Mancher Phrase merkt man schon an, dass sie dereinst irgendeiner Bürokratenfestung entstiegen sein muss. Vermutlich war es ein stocksteifer Sektionschef mit Monokel, der beim Diktieren eines Textes seiner Sekretärin erstmals die drei Wörter entgegenschmetterte: „Aus gegebenem Anlass . . .“ Die Schreibkraft mag innerlich kurz zusammengezuckt sein, doch war ihr in diesem Moment wohl nicht bewusst, dass sie gerade die Stunde null einer der fortan wichtigsten Redewendungen des Beamtendeutsch miterlebt hatte.

Dass sich hinter dieser Phrase vor allem viel heiße Luft verbirgt, spielte keine Rolle. Sie breitete sich aus, kaperte Sätze, die einfach so vollkommen ausgereicht hätten, und lud sie mit einer Bedeutungsschwere auf, die alle Leser vor Ehrfurcht erstarren ließ. Aus gegebenem Anlass weisen wir darauf hin, dass die Toiletten im 2. Stock gesperrt sind. (Genau: „Die Toiletten im 2. Stock sind gesperrt“ beinhaltet die gleiche Information, auch ohne das vorgeschaltete Sprachungetüm.) Doch damit nicht genug.
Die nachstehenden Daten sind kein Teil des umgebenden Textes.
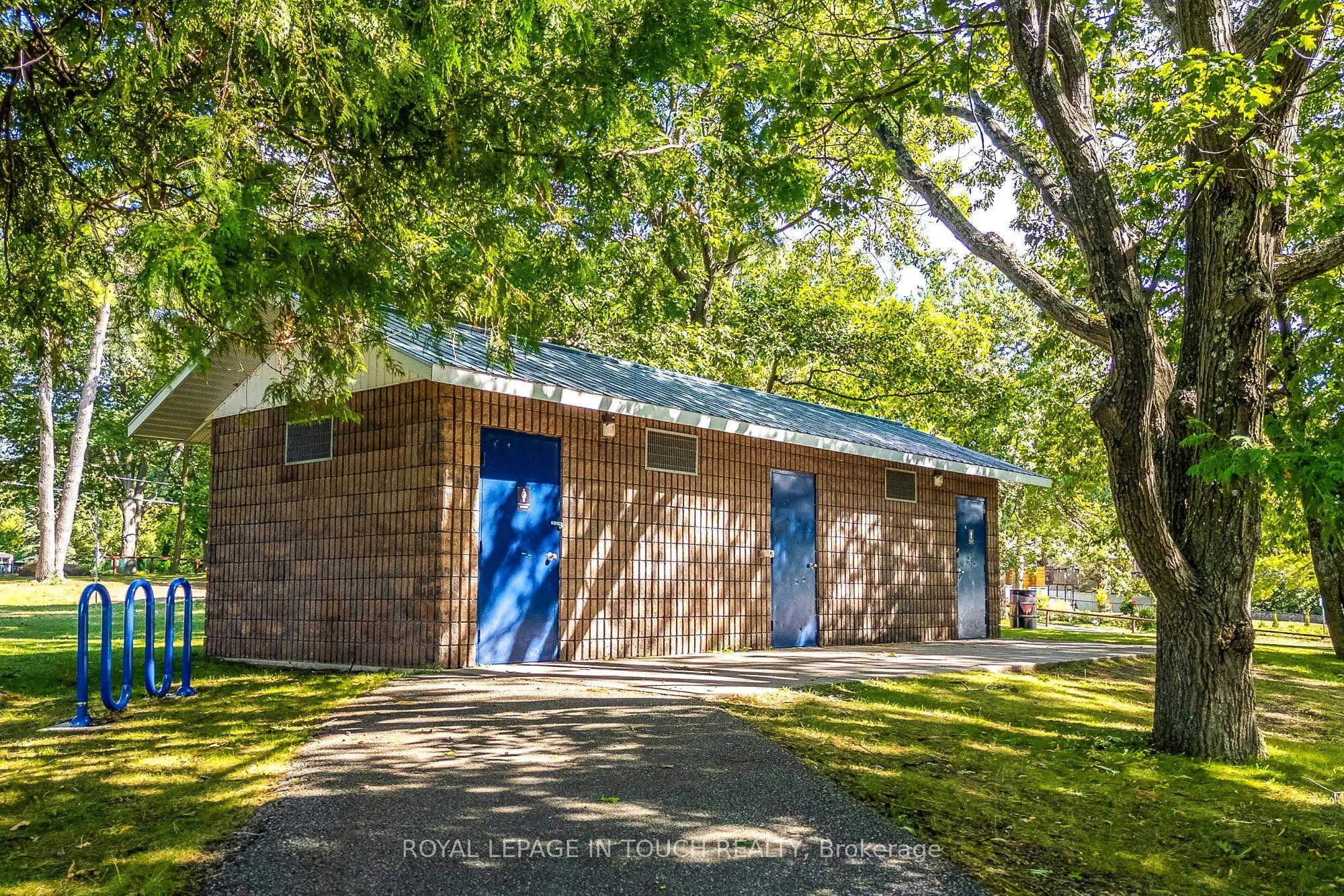 325 Tiny Beaches Road S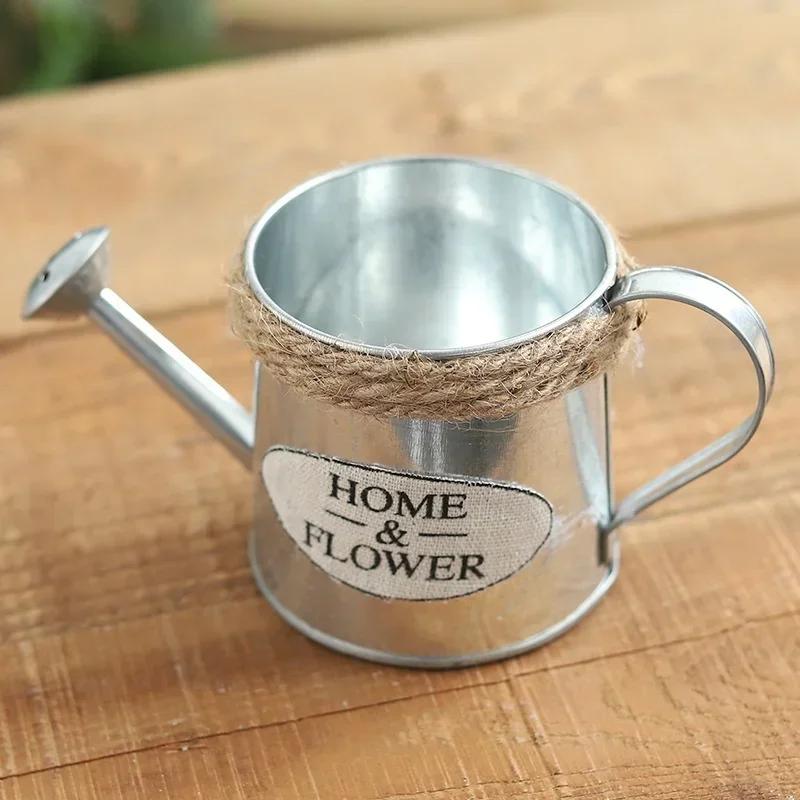 1 Pcs Retro Small Iron Watering Can Home Garden Ornaments Creative Home Decoration Iron Bucket Pots for Flowers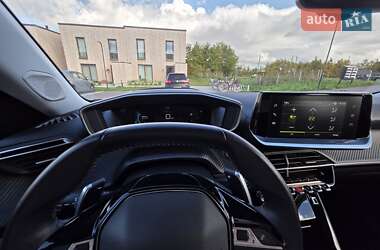Внедорожник / Кроссовер Peugeot 2008 2021 в 
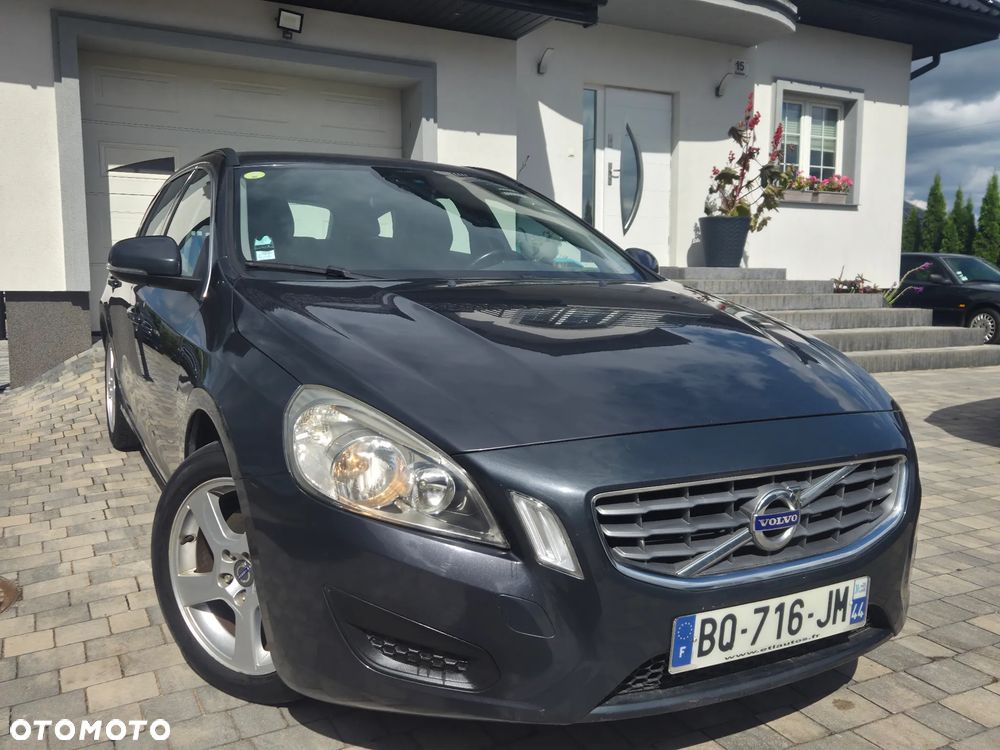 Volvo V60 D3 Momentum - 6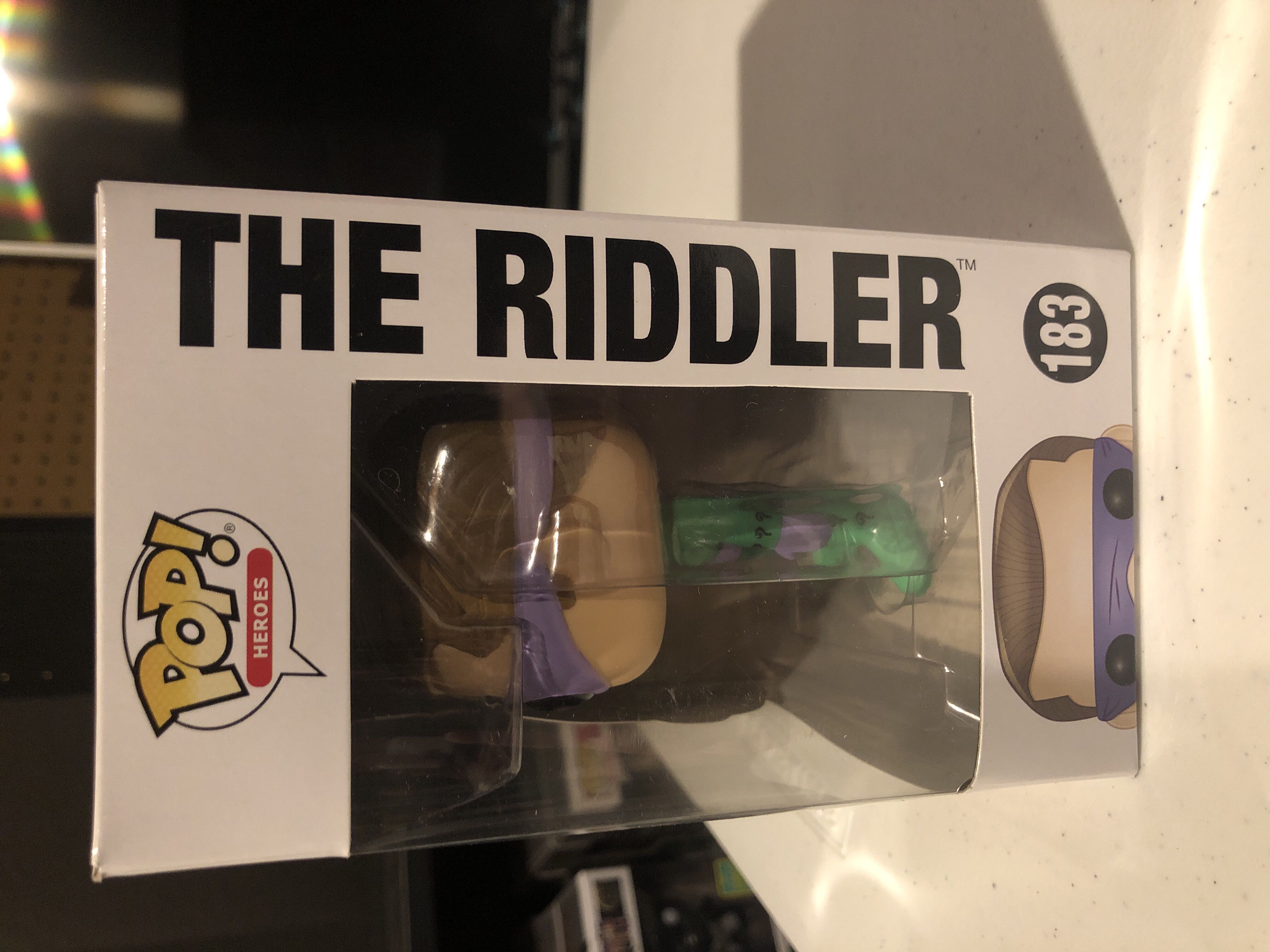 The Riddler - DC Universe vinyl figure collectible [Barcode 889698136280] - Main Image 2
Denn wenn aus gegebenem Anlass ein gegebener Anlass gegeben ist, wird gern darauf vergessen, dass die Präposition „aus“ den Dativ verlangt. So wird immer wieder aus gegebenen Anlass der Akkusativ verwendet. Und dieses gegebene n schmerzt fast genauso wie die Redewendung an sich. Immerhin, dieser häufig gemachte Fehler fällt nicht ganz so auf, wenn man sich in der Geschäftskorrespondenz mit einer Abkürzung behilft – aber auch a. g. A. ist eher das Gegenteil von sprachlicher Eleganz, oder?

Fassen wir also aus gegebenem Anlass zusammen: Wenn es einen Anlass für etwas gibt, reicht es, die daraus folgende Konsequenz zu beschreiben. Dass es einen Anlass dafür gegeben hat, ist dann ohnehin klar. Und für die Phrase „aus gegebenem Anlass“ gibt es bitteschön überhaupt keinen Grund zur Veranlassung.